Monday, February 23, 2009
Sportsmen Clubs throughout Seneca county are sponsoring organized squirrel hunts. Though not everyone thinks of eating this bounty, the squirrels' diet of nuts and seeds make them tasty and healthy. Here is a good first time (or anytime) squirrel recipe.
Squirrel Derby Pie
2 1/2 cups boneless cooked squirrel meat, cubed (you may simply boil/simmer the meat until cooked through and the bones are easily removed)
2 cups of diced potatoes
1 cup diced carrots
1/2 cup peas (you can use mixed frozen veggies)

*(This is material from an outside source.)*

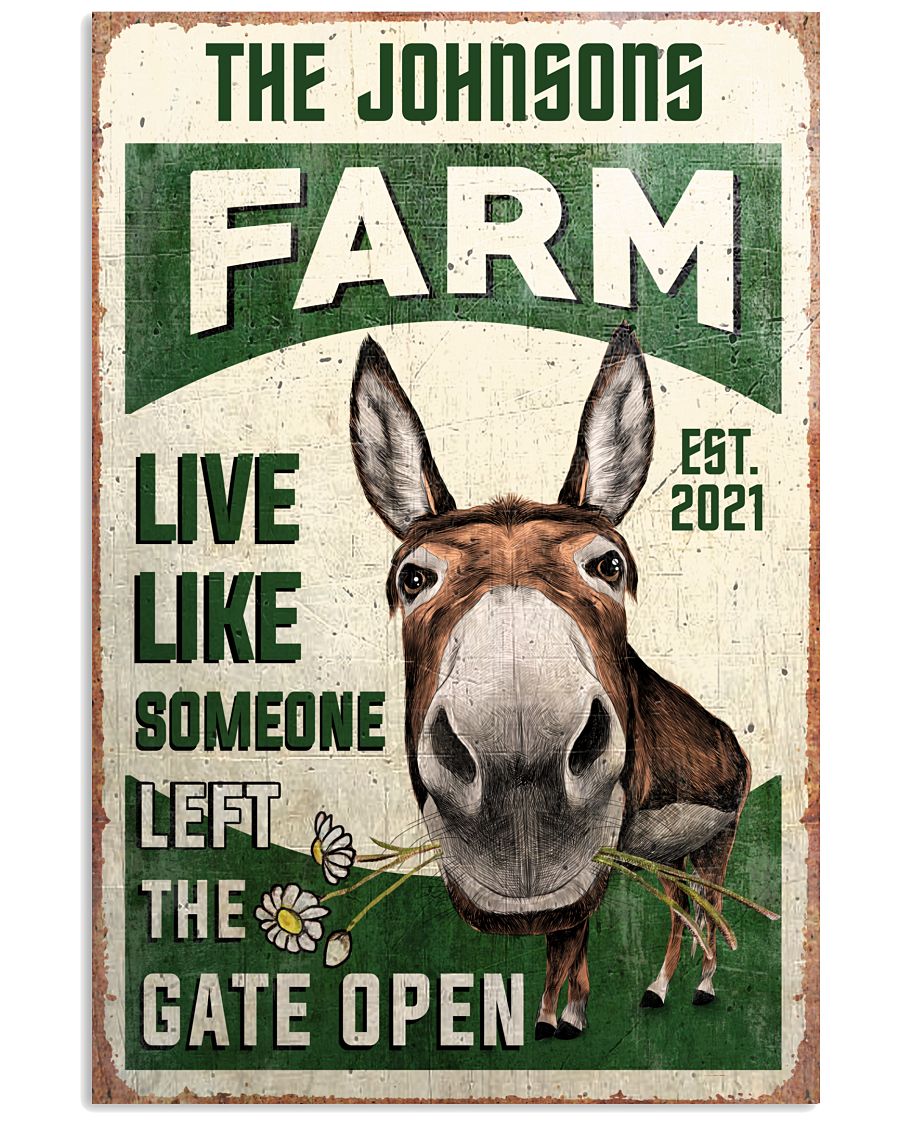 Personalized Farm Donkey Live Like-7256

1 can (10 oz) condensed cream of mushroom soup
1/2 cup diced celery
1/2 cup diced onion
1 clove minced fresh garlic (or 1/2 tsp dried garlic powder)
1/2 cup chicken broth
1/4 tsp ground pepper
For the crust:
3/4 cup all-purpose flour
1 tsp baking powder
1/4 tsp salt
3/4 cup skim milk
1/2 cup butter, melted
Pre-heat oven to 375 degrees F. In a 12 inch skillet, combine the first 10 ingredients (all but the crust ingredients). Bring to a boil over medium-high heat and then remove from heat. Spoon this mixture into a greased 8 inch square baking dish. In a medium bowl, mix the flour, baking powder and salt. Stir in the milk and melted butter with a fork until the dry ingredients are moistened. Spoon this batter evenly over the squirrel filling to the edges of the pan. Bake for 30-35 minutes, or until the crust is golden brown.
Monday, February 16, 2009
With the brief thaw, the snow geese have been feasting in the fields by day and roosting on the lakes at night. To learn more about this beautiful, and abundant, waterfowl check out Cornell University's Lab of Ornithology.

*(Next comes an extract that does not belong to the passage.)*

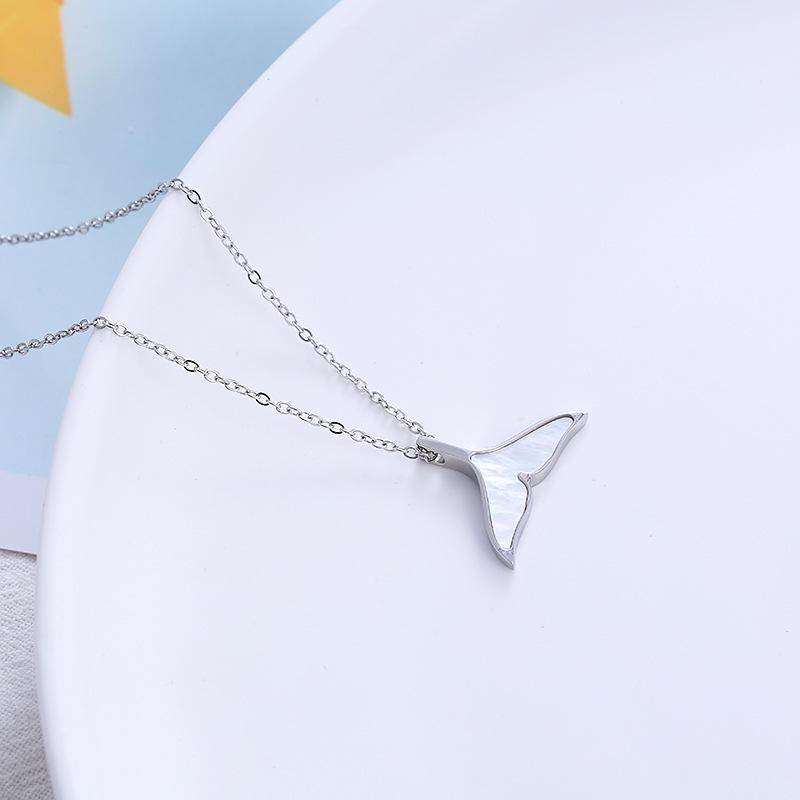 

Titanium Steel Fishtail Necklace for Women - Light Luxury Design, Perfect Birthday and Christmas Gift (2022)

Snows are a bit smaller than Canada geese, but their flavor is similar. Here is a healthy recipe to try:
Marmalade Glazed Snow Goose Breast
2 cups milk
1/2 tsp white vinegar
1 boneless, whole goose breast
1/2 cup dry white wine or vermouth
1/2 cup apple cider
1/3 cup frozen orange juice concentrate, defrosted (or boil 1 cup of orange juice until the liquid is reduced to 1/2 cup)

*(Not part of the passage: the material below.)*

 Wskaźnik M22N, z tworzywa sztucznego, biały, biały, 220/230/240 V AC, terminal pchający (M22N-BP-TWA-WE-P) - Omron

1 to 2 tsp grated orange peel
2 Tbs orange marmalade
In a medium glass or ceramic mixing bowl, combine milk and vinegar. Add goose breast. Cover and refrigerate 8 hours or overnight, turning the goose a few times.
Drain the goose breast and discard milk mixture. In a medium glass or ceramic mixing bowl or baking dish, combine wine, cider, orange juice concentrate and peel. Add goose breast, turning to coat. Cover and chill 4 to 6 hours, turning once or few times.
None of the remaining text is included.